Ante magnitudes así, no vale seguir con el que “los españoles somos así” o “no tenemos remedio”. La corrupción es un problema de primer orden y tenemos que hacer lo necesario para cambiar el caldo de cultivo en el que florece, con imaginación, con valentía y con reglas que se cumplen.
Ray Fisman, profesor de la Universidad de Columbia, en Nueva York, y un gran experto mundial en el tema, sugiere en un libro que saldrá más adelante en este año que el éxito en la lucha contra la corrupción radica en la combinación de sanciones legales e incentivos económicos por un lado con el rechazo moral y social por otro.
Como argumento, cuenta el increíble e inspirador ejemplo de Antanas Mockus. Este filósofo y matemático colombiano hizo en dos cortos mandatos como alcalde de Bogotá (dos años cada uno, 1995-1997 y 2001-2003) más por acabar con la corrupción y por reforzar el imperio de la ley que la mayoría de los políticos harán en décadas.
Cuando llegó Mockus a la alcaldía, el Gobierno municipal de Bogotá estaba completamente corrompido, el crimen desbocado. Bogotá era la capital mundial del crimen, con 4.200 homicidios en 1993. ¿Cómo hacer cambiar actitudes y hacer cumplir la ley en un lugar así? Mockus empezó por un lugar sorprendente, las normas de tráfico, y de una forma sorprendente: usando mimos (sí, mimos con mallas y cara pintada de blanco) por la ciudad. Cuando un peatón cruzaba en rojo, un miembro del ejército de 400 mimos (estudiantes de teatro, la mayoría) cruzaba detrás, haciéndole burla con muecas y gestos. Cuando un conductor bloqueaba una calle, el mimo le enseñaba una tarjeta con un pulgar hacia abajo y repartía otras a los transeúntes para que le ayudaran. En unos meses, de acuerdo con Fisman, la proporción de peatones que obedecían las reglas de trafico subió del 26% al 75%.

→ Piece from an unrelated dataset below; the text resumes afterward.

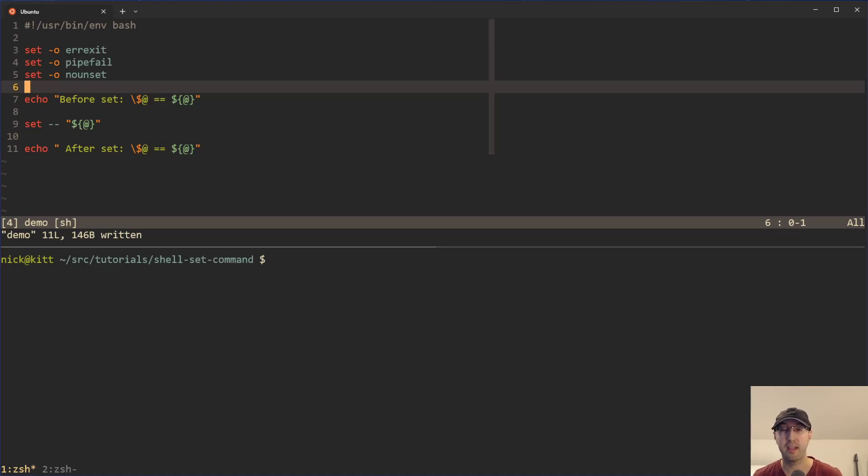Hey there, Nick Jutakis here. In this video, we're going to go over using the set command to modify the arguments being passed into a script or a function.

Por supuesto, el trabajo de Mockus no fue solo de actitudes. Por ejemplo, cerró la policía de transporte público (2.000 agentes), notoriamente corrupta, e instauró un programa de recompra de pistolas en manos de particulares.
Esta combinación, cambiar reglas y cambiar actitudes, tuvo éxito también en otras áreas. Su campaña para la reducción del uso del agua incluyó tanto incentivos y precios como un vídeo de sí mismo duchándose, pero apagando la ducha para enjabonarse.
Los españoles no hemos tomado aún la decisión de acabar con la corrupción. Seguimos siendo tolerantes con los que usan sus cargos públicos para sus fines privados, sobre todo si son “de los nuestros”. Esto tiene un indudable y elevado coste en términos de bienestar. Debemos priorizar cambiar las reglas, los incentivos y las actitudes para eliminar estos comportamientos.
Luis Garicano es catedrático de Economía y Estrategia de la London School of Economics y coordinador del programa económico de Ciudadanos.